- **WHAT YOU WILL DO**: Your copy of the entries below should hold exactly the lines from the one containing "Justerbart hyllsystem i" to the one containing "fbi bau shirt", inclusive, and no pictures.

- **DATASET RECORDS**:

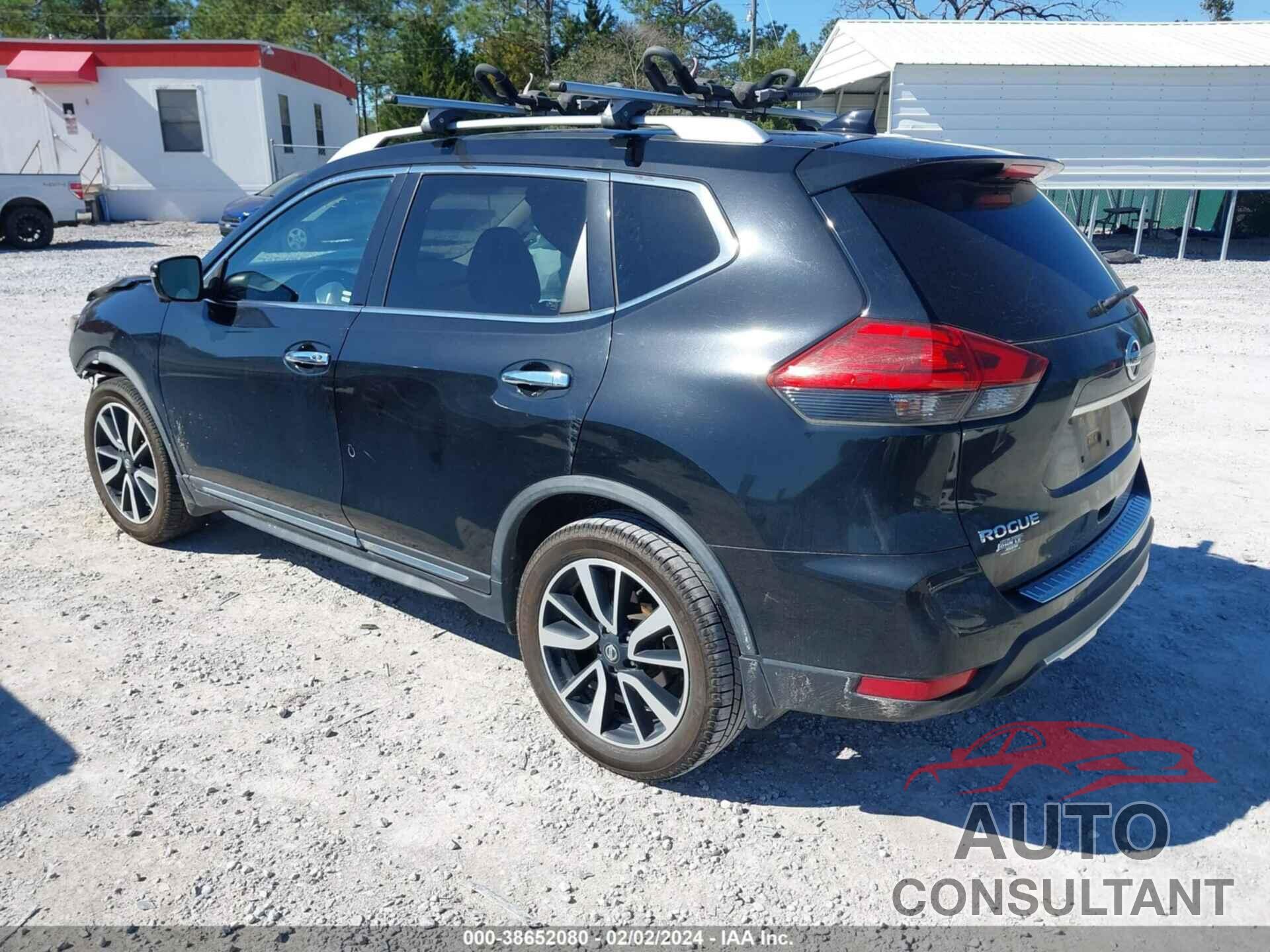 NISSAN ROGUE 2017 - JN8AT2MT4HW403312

--

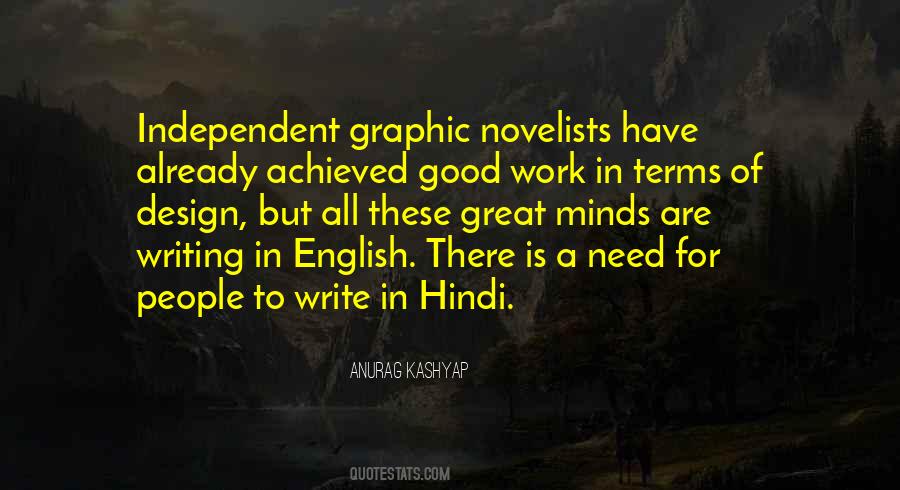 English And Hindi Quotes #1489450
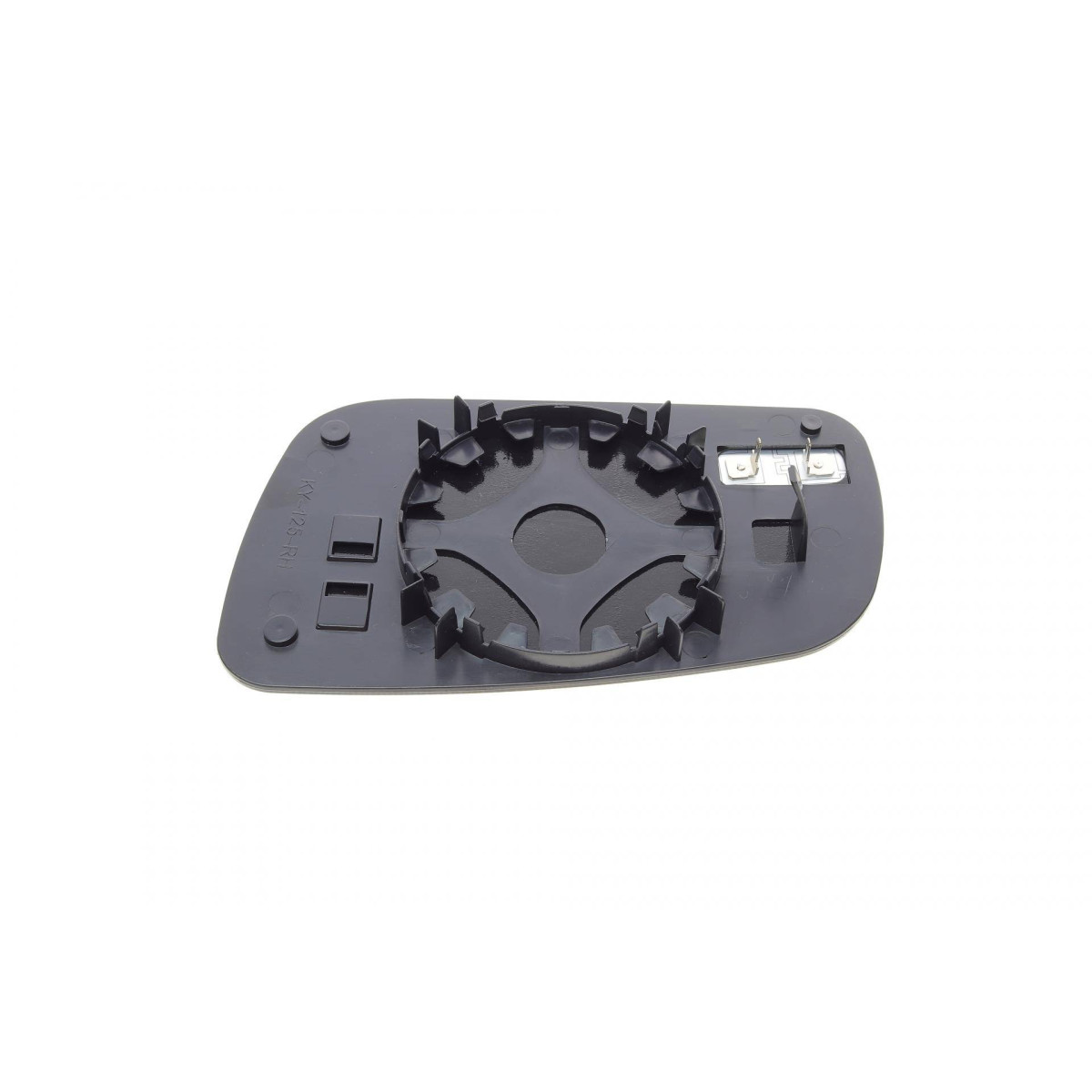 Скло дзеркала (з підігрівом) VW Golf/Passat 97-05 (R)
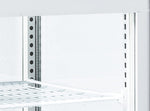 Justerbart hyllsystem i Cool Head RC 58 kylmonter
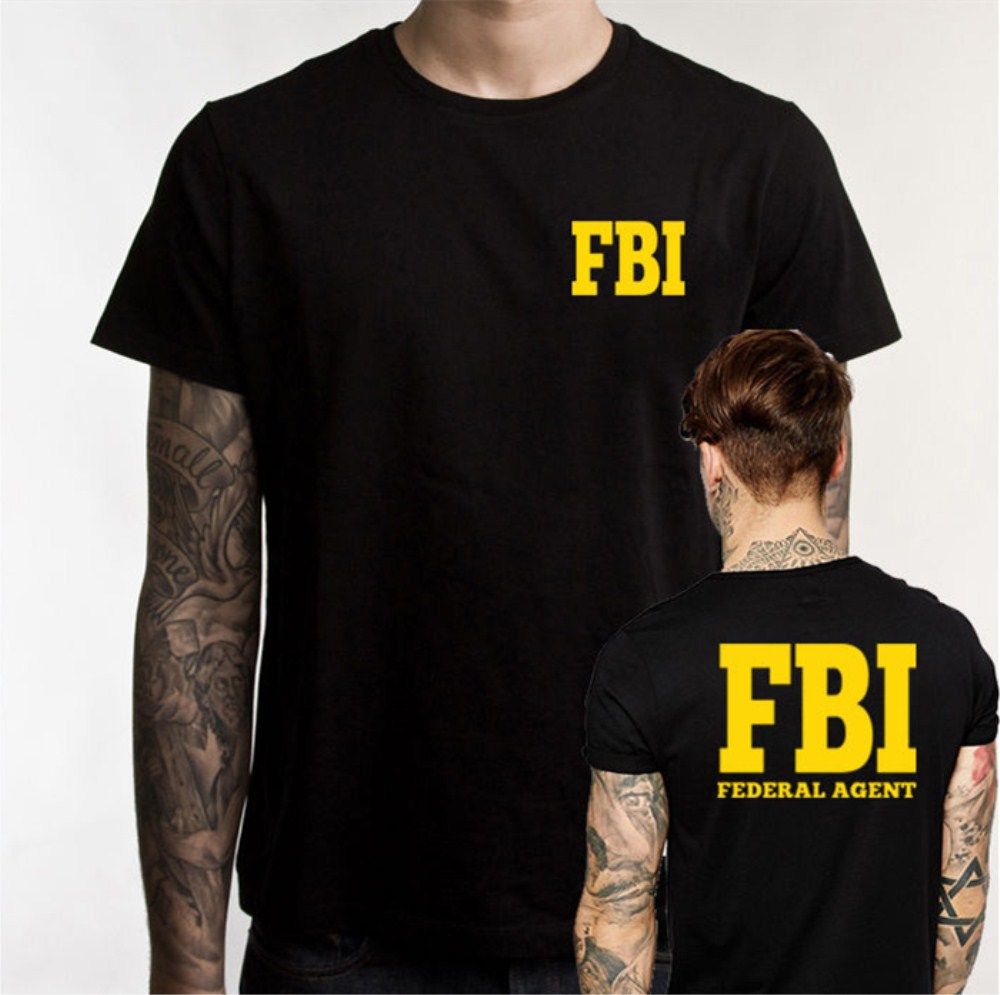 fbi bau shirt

- **ANSWER FOR THE TASK**:
 Justerbart hyllsystem i Cool Head RC 58 kylmonter
 fbi bau shirt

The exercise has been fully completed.